(Task)
Look below for the line containing "Eagles on Snow". Write out that line and the rest through the last one, exactly as they appear, but without pictures.

(Image-caption web data)
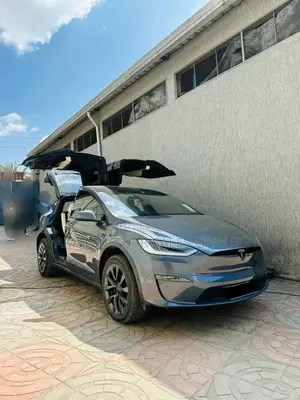 Tesla Model X 2023 Gray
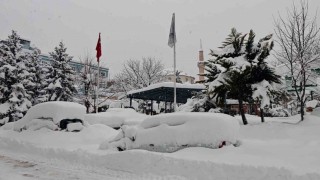Artvin şehir merkezinde kar esareti
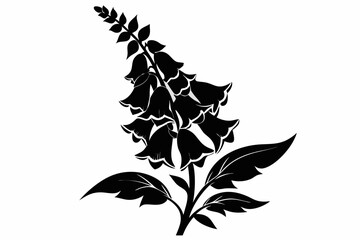 foxglove flower line art silhouette vector illustration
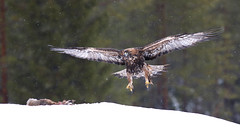 Eagles on Snow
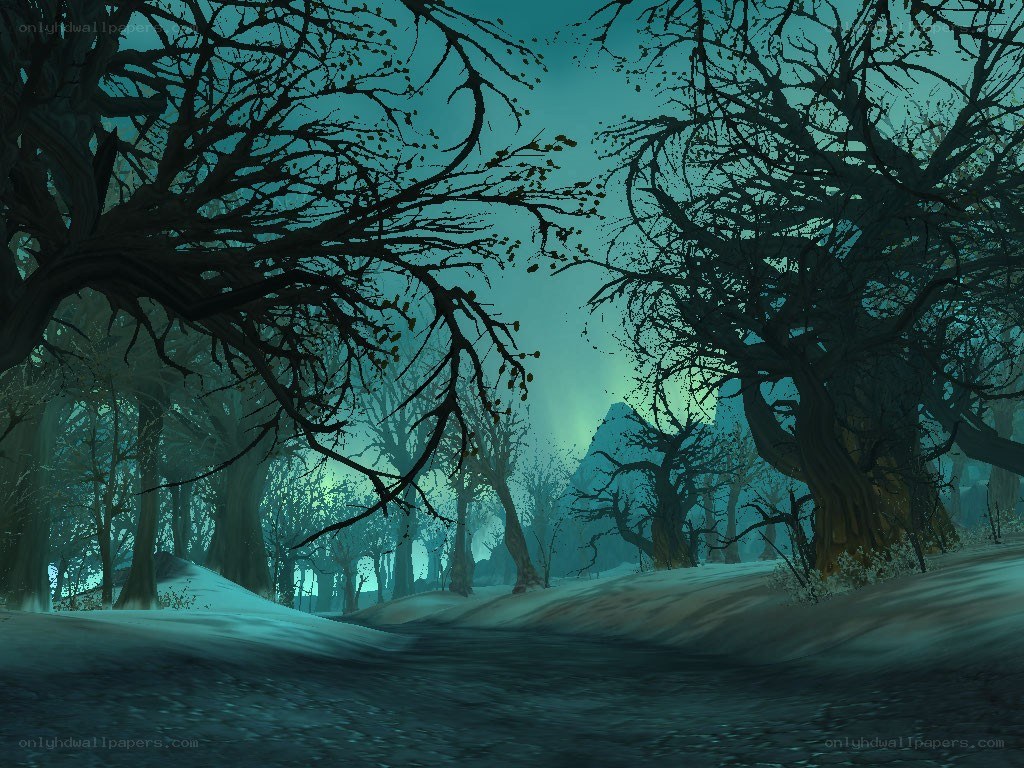 dark forest with snow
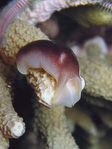 Chelidonura amoena - Sternen-Kopfschildschnecke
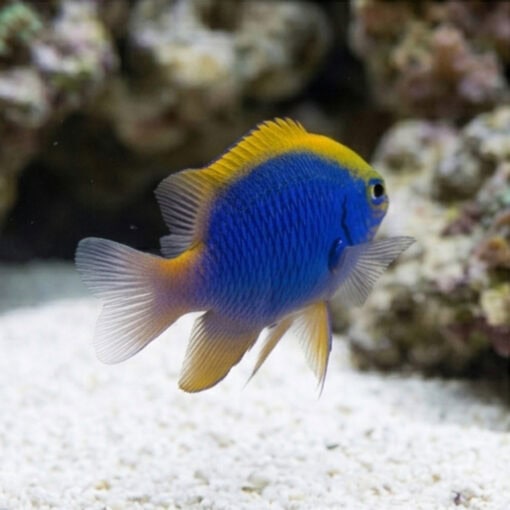 Yellowfin Blue Devil Damsel - Image 3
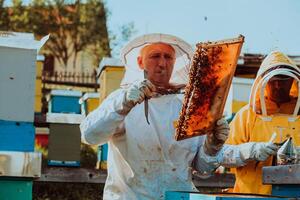 Beekeepers checking honey on the beehive frame in the field. Small business owners on apiary. Natural healthy food produceris working with bees and beehives on the apiary. photo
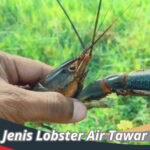 Jenis Lobster Air Tawar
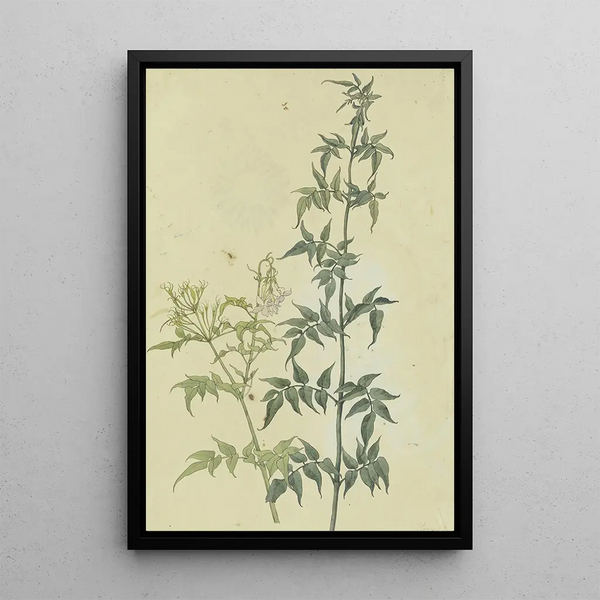 Two branches of jasmine - Franz Theobald Horny — framed artwork on a wall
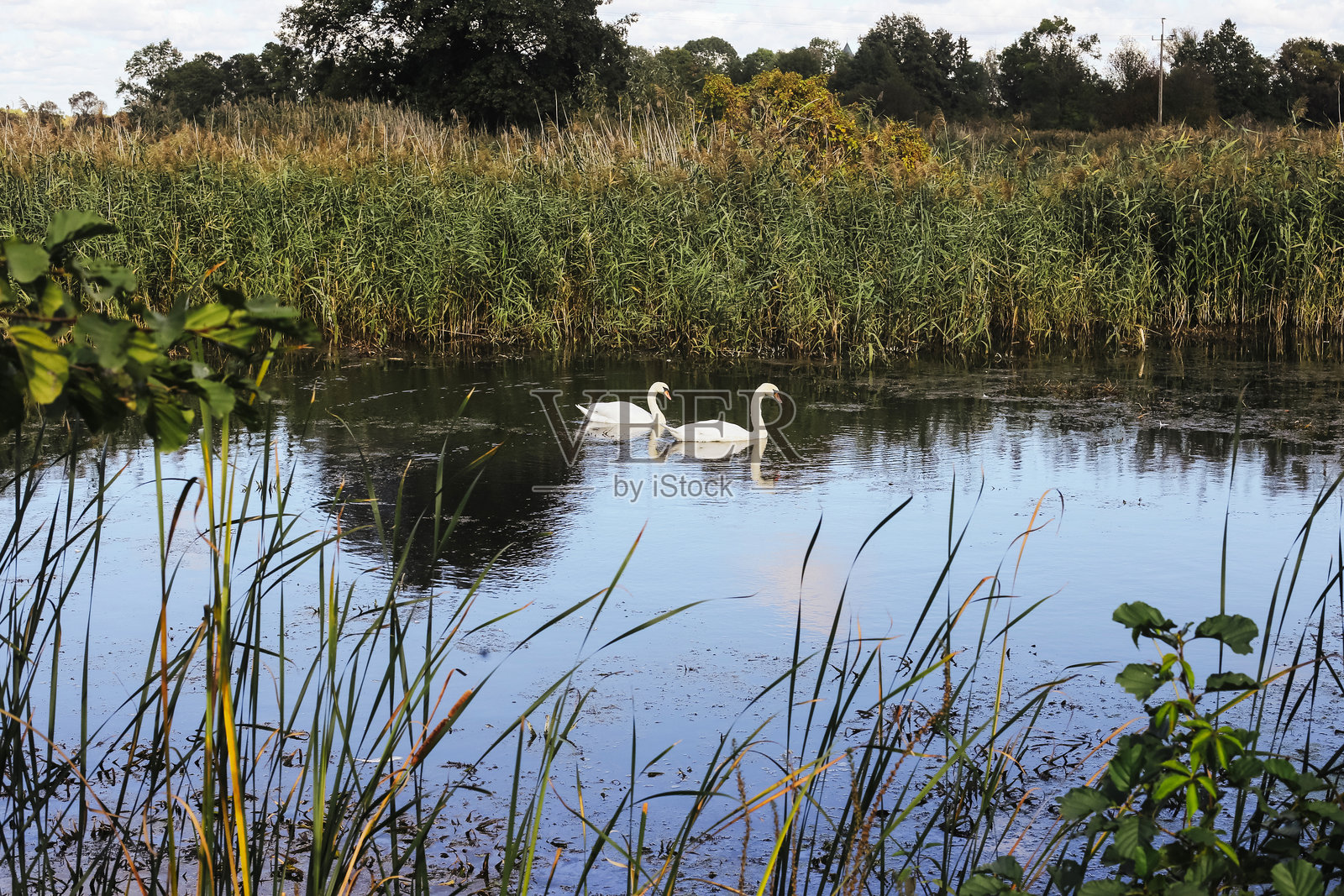 两只天鹅在一个宁静的小池塘上悠然滑行,四周环绕着芦苇。水面上倒映着郁郁葱葱的绿意和天空。照片摄影图片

(Solution for this exercise)
 Eagles on Snow
 dark forest with snow
 Chelidonura amoena - Sternen-Kopfschildschnecke
 Yellowfin Blue Devil Damsel - Image 3
 Beekeepers checking honey on the beehive frame in the field. Small business owners on apiary. Natural healthy food produceris working with bees and beehives on the apiary. photo
 Jenis Lobster Air Tawar
 Two branches of jasmine - Franz Theobald Horny — framed artwork on a wall
 两只天鹅在一个宁静的小池塘上悠然滑行,四周环绕着芦苇。水面上倒映着郁郁葱葱的绿意和天空。照片摄影图片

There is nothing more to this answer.